7. Future Directions: Open Problems and Research Opportunities

While AI-augmented SE is accelerating, open challenges are substantial. Prominent research directions include (a) scaling intent inference models and agentic micro-decision reasoning to open-ended and ambiguous requirements, (b) advancing hybrid verification that fuses statistical monitors with formal proof obligations, (c) developing semantic and intent-aware guardrails, and (d) establishing proactive governance and feedback dashboards tracking aggregated risk and auditability (Navneet et al., 15 Aug 2025, Roychoudhury, 24 Aug 2025, Cito et al., 4 Nov 2025). Self-evolving and agentic software systems demand benchmarks for fully autonomous end-to-end evolution, formal V&V methods for AI-generated code, and trust calibration for human–AI co-development.
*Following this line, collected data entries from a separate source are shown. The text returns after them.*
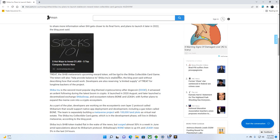As part of the plan, developers are working on the ecosystem's own Layer 2 protocol called Shibarium, which would support native app deployment and development, including a gas token called Bone. The team is separately building a metaverse project with 100,000 land plots as virtual real estate.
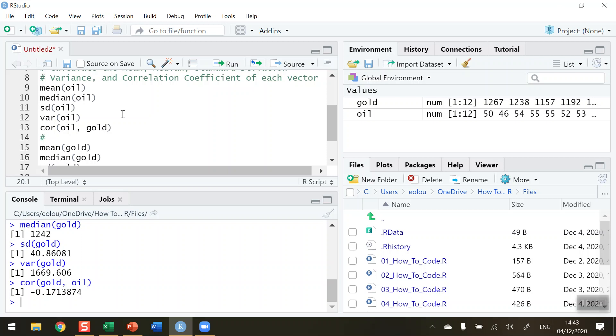So that's how you conduct some basic statistics in R. I hope you found this video useful. Thank you for your attention.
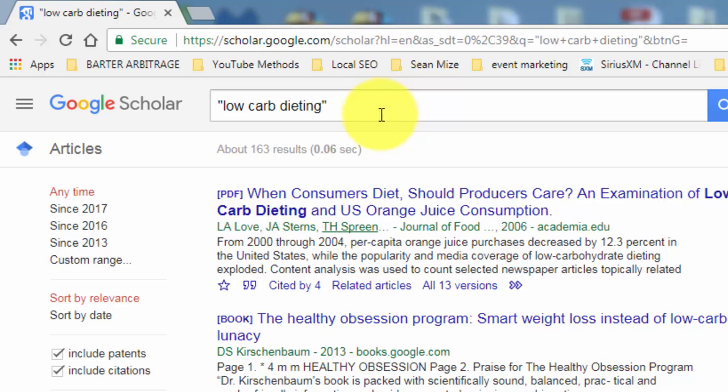Taking your search term will give you the opportunity to get third-party verifiable information that you can use as proof or social proof. Okay, so with that, thanks and I will see you in another video.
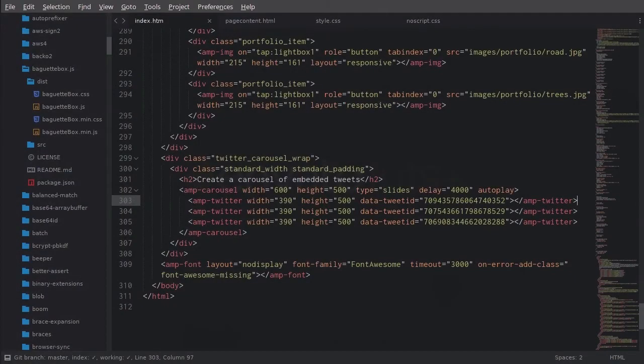Welcome back to Optimize Your Website with AMP. In the last lesson, we embedded three tweets down at the bottom of our page. And in this lesson, we're going to turn those three tweets into a carousel. In the AMP version of our site, that was done with the AMP carousel custom element.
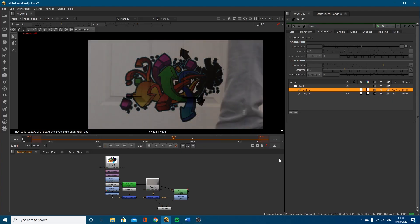Hi everybody, welcome back to another CreativeTap tutorial. This is lesson six of my rotoscoping series, and in this lesson we're going to look at how we rotoscope motion blur and how we account for it within our shot.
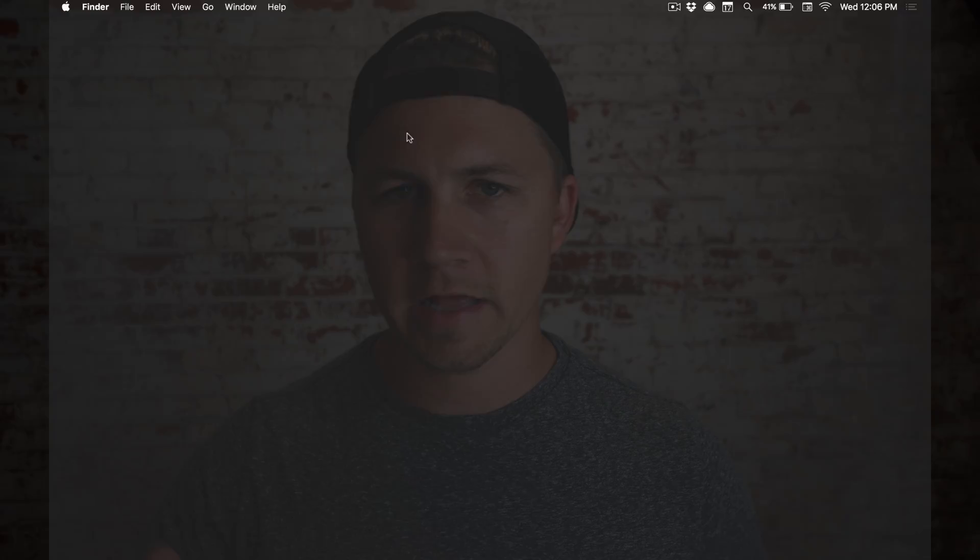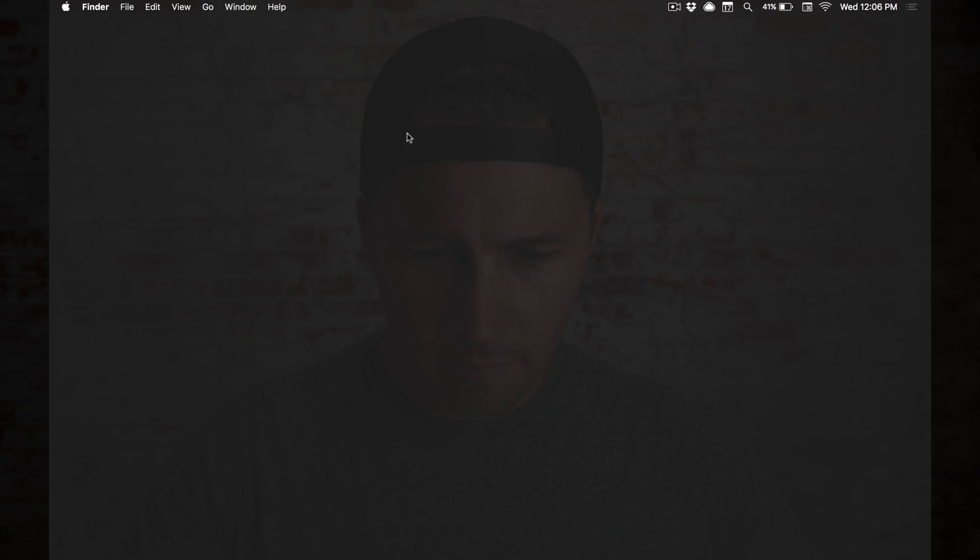I'm going to show you my minimal UI desktop background wallpaper for the MacBook Pro. This will work on iMac, it'll work on a MacBook Air, but I've got a MacBook Pro so that's what I'm going to show you on.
The field is shifting towards a genuinely symbiotic human–AI partnership, underpinned by models and frameworks that maximize productivity, transparency, and robustness while containing risk and preserving strategic human judgment. The ultimate horizon is SE 3.0: intent-first, conversation-oriented, multi-objective optimized, and SLA-aware development where AI is not only an assistant but a proactive, contextually aware software engineer (Hassan et al., 2024).